A short train journey from central Kyoto, the Fushimi Inari Shrine is one of Japan’s best known and most venerated shrines. With its thousands of vermillion coloured torii gates, its impact is both immediate and lasting – particularly for those who allow themselves to be drawn through the gates to explore further.
Torii gates mark the entrance to Japanese shrines and there are many impressive torii gates throughout Japan. However, nowhere else does one find so many torii in one place. Each of the Fushimi Inari gates has been donated by a company or an individual seeking good fortune from Inari – the god of rice.

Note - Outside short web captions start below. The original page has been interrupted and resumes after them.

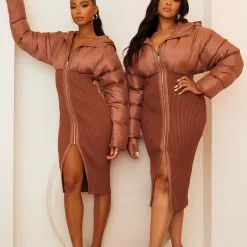 Fashion Nova Kim Puffer Midi Dress - Mocha -Fashion Nova Dresses Shop 09 27 22FallLayers CE 10 12 21 LOOK 6 30104 PB MH PLUS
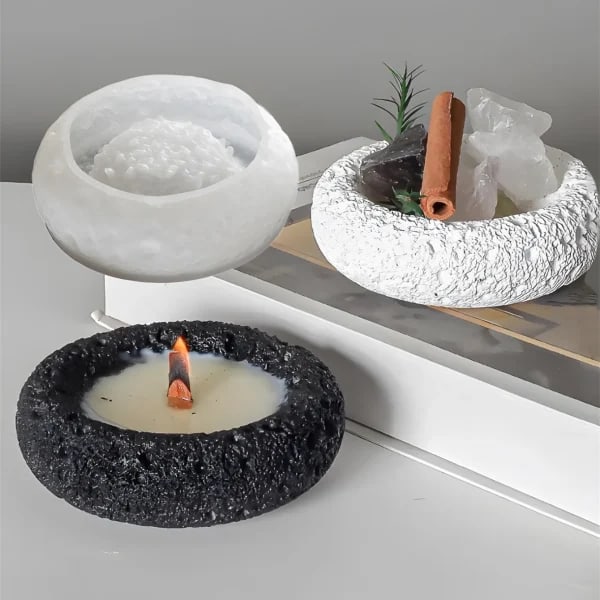Caja de almacenamiento de roca espacial Circular, Cenicero, molde de resina de arcilla de yeso, textura de piedra, vela de aromaterapia, molde de silicona para escayola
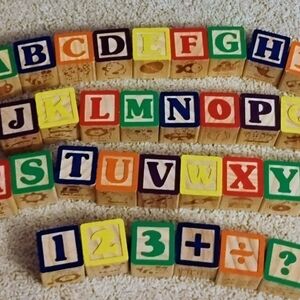 Lot Of 50 Wooden Blocks A~Z Also Some Numbers, Picture Blocks And Some Doubles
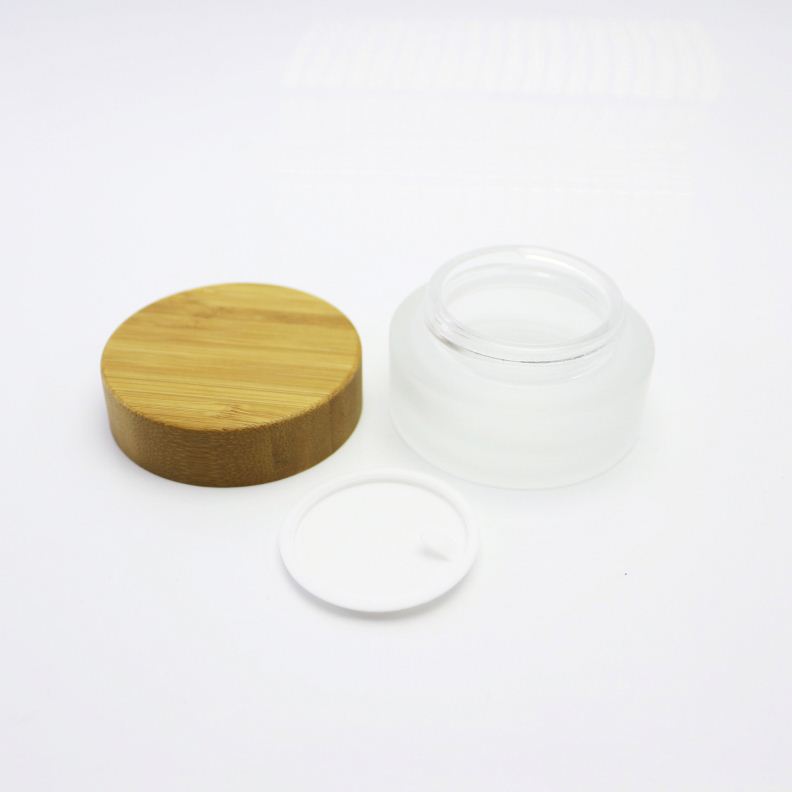 5g 15g 30g 50g 100g glass frosted jar with the bamboo lid GJ-72C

With trails leading up and around a low mountain offering wonderful views over Kyoto, a visit to Fushimi Inari can involve a lot of walking. I found the various trails to be irresistible, which led to my becoming lost at one point and ending up outside the shrine area. However, after teaming-up with some Mexican travelers who were similarly lost, together we found our way back. In fact, getting lost must be easy as several Japanese people asked us for directions. One presumes they were visiting from elsewhere in Japan.
Readers who remember the movie Memoirs of a Geisha may also remember the scene of the young Sayuri running between Fushimi Inari’s torii gates dreaming of her future life as a geisha. Perhaps the scene had a healthy dose of poetic licence, but it nevertheless shows the ability of the location to inspire.